====== Supplied data

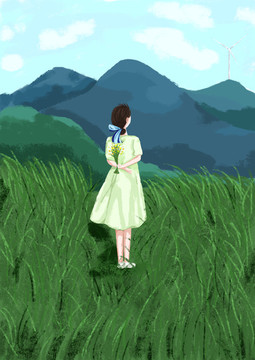 手繪女孩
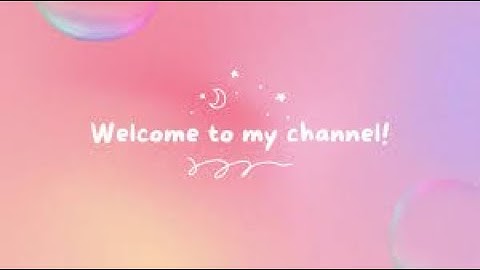Welcome to my yt channel!!!!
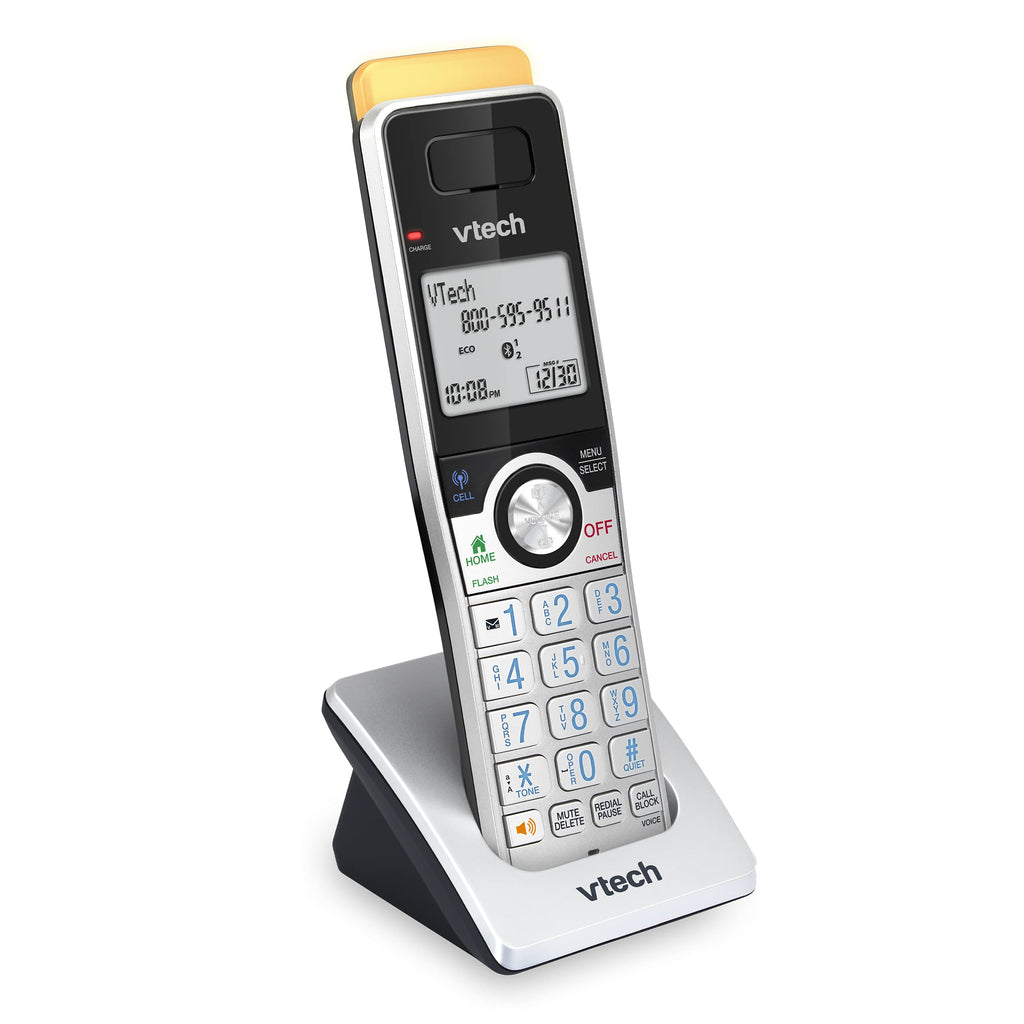 VTech IS8128-51 Super Long Range 5-Handset DECT 6.0 Cordless Phone for Home with Answering Machine, 2300 ft Range, Call Blocking, Bluetooth Connect to Cell, Intercom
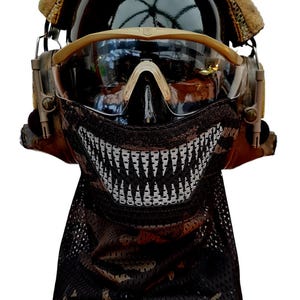 Custom Airsoft [MK6 VENOM] Breathable Mesh Snood Face Mask [Shop on time away until 25th of August] [Pre-Order Accepted]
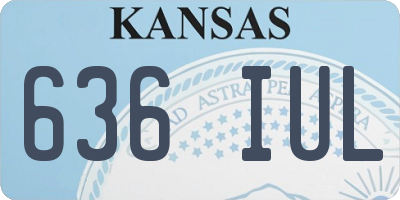 KS license plate 636IUL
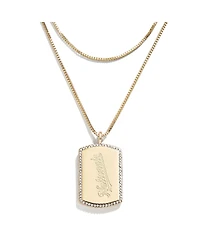 Wear by Erin Andrews x Baublebar Washington Nationals Dog Tag Necklace
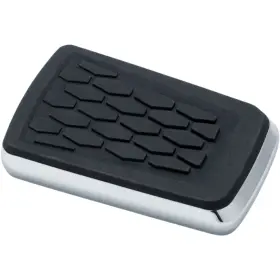 5914 Kuryakyn Hex Brake Pedal Pad - Chrome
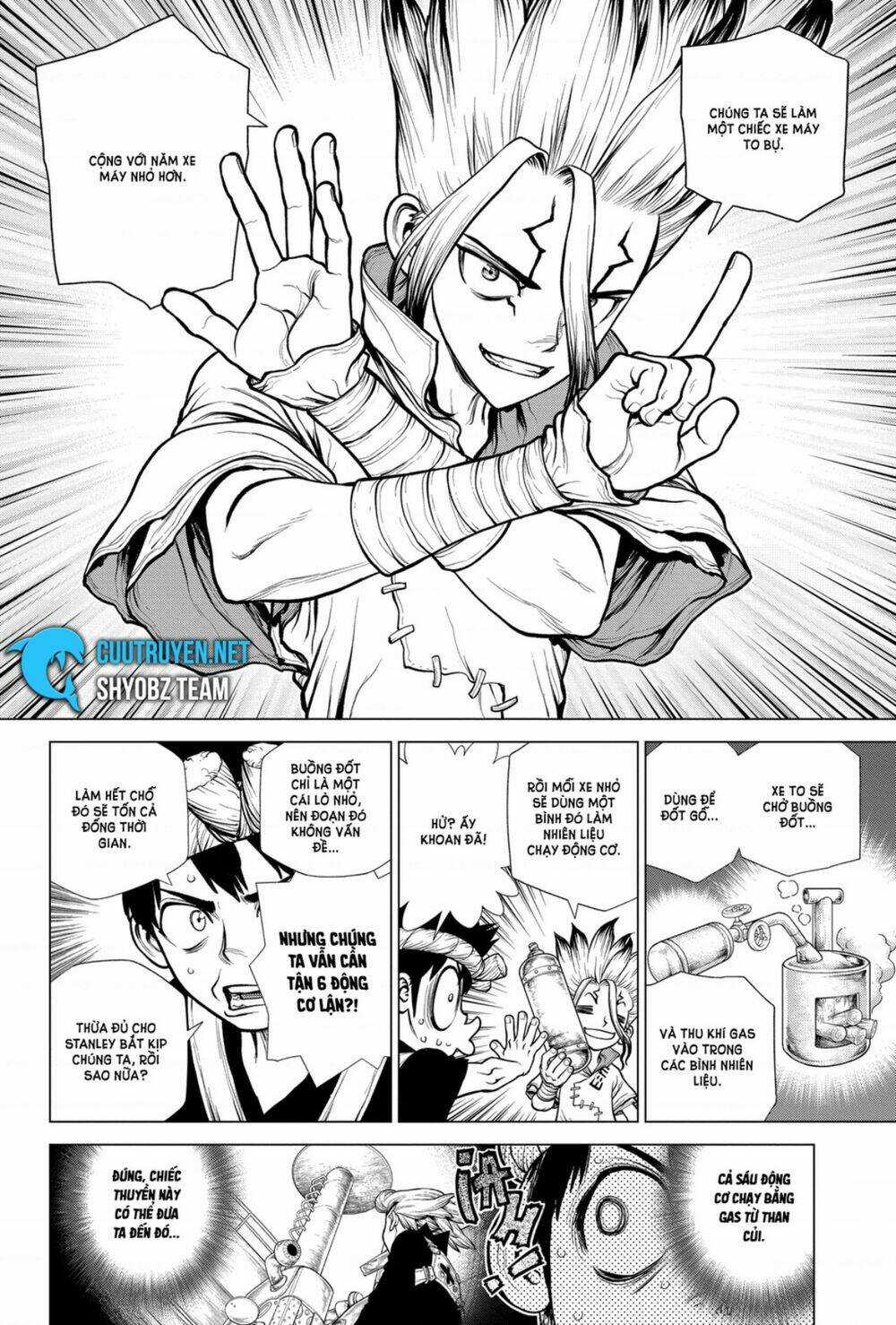 Dr.stone - Hồi Sinh Thế Giới Chapter 175 trang 10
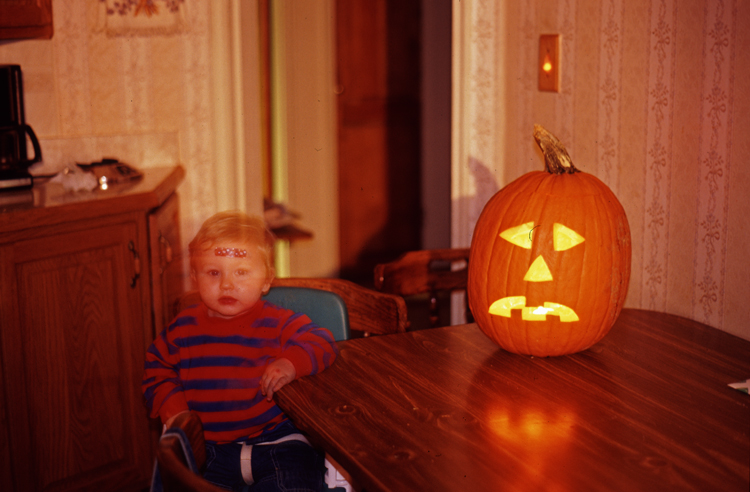 04-10-16, 14, Connor with carved pumpkin, New Jersey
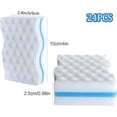 thumbnail image 2 of 20PCS White Magic Sponges - Thickness 25 mm, Cleaning Melamine Sponge, Magic Eraser for Swimming Pool, Wall, Bathroom, Kitchen, Floor, Wall, Windows - 100×60 MM, 2 of 5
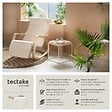 TECTAKE - Table d'appoint CAMBRIDGE 40x40x44cm crème - vignette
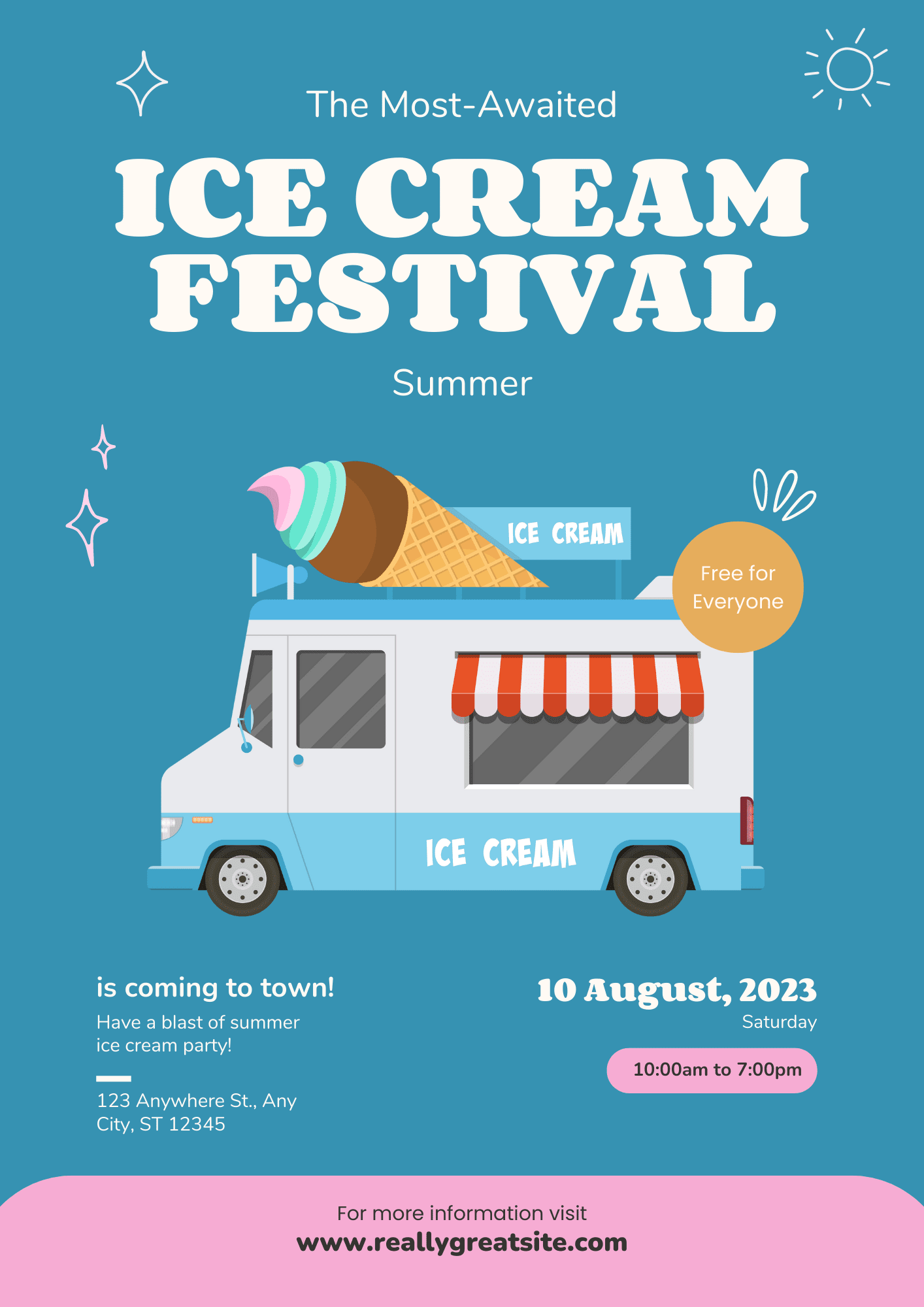 Design your own flyer and print it with Canva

============

■ **What you are asked to do**
Although the records contain pictures, the output must hold only their exact wording.

■ **Task solution**
 手繪女孩
Welcome to my yt channel!!!!
 VTech IS8128-51 Super Long Range 5-Handset DECT 6.0 Cordless Phone for Home with Answering Machine, 2300 ft Range, Call Blocking, Bluetooth Connect to Cell, Intercom
 Custom Airsoft [MK6 VENOM] Breathable Mesh Snood Face Mask [Shop on time away until 25th of August] [Pre-Order Accepted]
 KS license plate 636IUL
 Wear by Erin Andrews x Baublebar Washington Nationals Dog Tag Necklace
 5914 Kuryakyn Hex Brake Pedal Pad - Chrome
 Dr.stone - Hồi Sinh Thế Giới Chapter 175 trang 10
 04-10-16, 14, Connor with carved pumpkin, New Jersey
 thumbnail image 2 of 20PCS White Magic Sponges - Thickness 25 mm, Cleaning Melamine Sponge, Magic Eraser for Swimming Pool, Wall, Bathroom, Kitchen, Floor, Wall, Windows - 100×60 MM, 2 of 5
 TECTAKE - Table d'appoint CAMBRIDGE 40x40x44cm crème - vignette
 Design your own flyer and print it with Canva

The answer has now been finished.